Personal information
- Full name: George Aylett Goodfellow
- Born: 21 March 1858 Adelaide, South Australia, Australia
- Died: 5 July 1892 (aged 34) Adelaide, South Australia, Australia
- Batting: Unknown
- Bowling: Right-arm (unknown style)
- Relations: James Goodfellow (brother)

Career statistics
| Competition | First-class |
| Matches | 1 |
| Runs scored | 4 |
| Batting average | 2.00 |
| 100s/50s | –/– |
| Top score | 4 |
| Balls bowled | 88 |
| Wickets | 1 |
| Bowling average | 31.00 |
| 5 wickets in innings | – |
| 10 wickets in match | – |
| Best bowling | 1/24 |
| Catches/stumpings | –/– |
- Source: Cricinfo, 24 June 2019

= George Goodfellow (cricketer) =

Australian cricketer

George Aylett Goodfellow (21 March 1858 - 5 July 1892) was an Australian first-class cricketer.

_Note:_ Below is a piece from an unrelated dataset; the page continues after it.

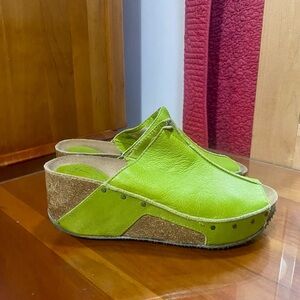 Sergio Tomani Green Sandals Size 37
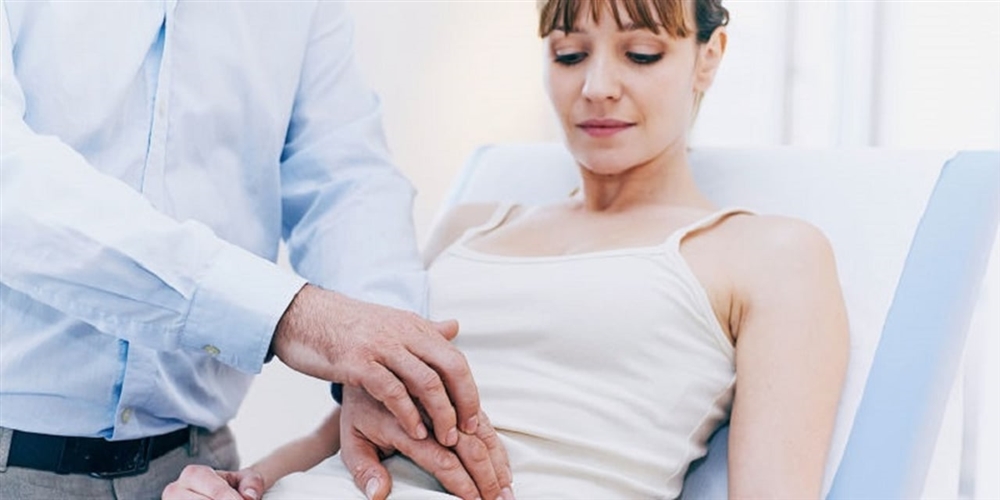تعرف على أسباب انتفاخ البطن وطرق علاجه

Goodfellow was born at Adelaide in March 1858. He played a minor match for South Australia against the Australians at Adelaide in December 1877, before travelling to England. While in England he made a single appearance in first-class cricket for a London United Eleven against the United North of England Eleven at Birmingham in 1879. Batting twice in the match, he was dismissed in the London United Eleven first-innings by Billy Bates for 4 runs, while in their second-innings he was dismissed by the same bowler without scoring. After bowling nine overs in the United North of England Eleven, which although wicketless were economical with Goodfellow conceding just 7 run, he went onto take a single wicket in their second-innings when he dismissed George Ulyett to finish with figures of 1 for 24 from thirteen overs. He died at Adelaide in July 1892. His brother, James, was also a first-class cricketer.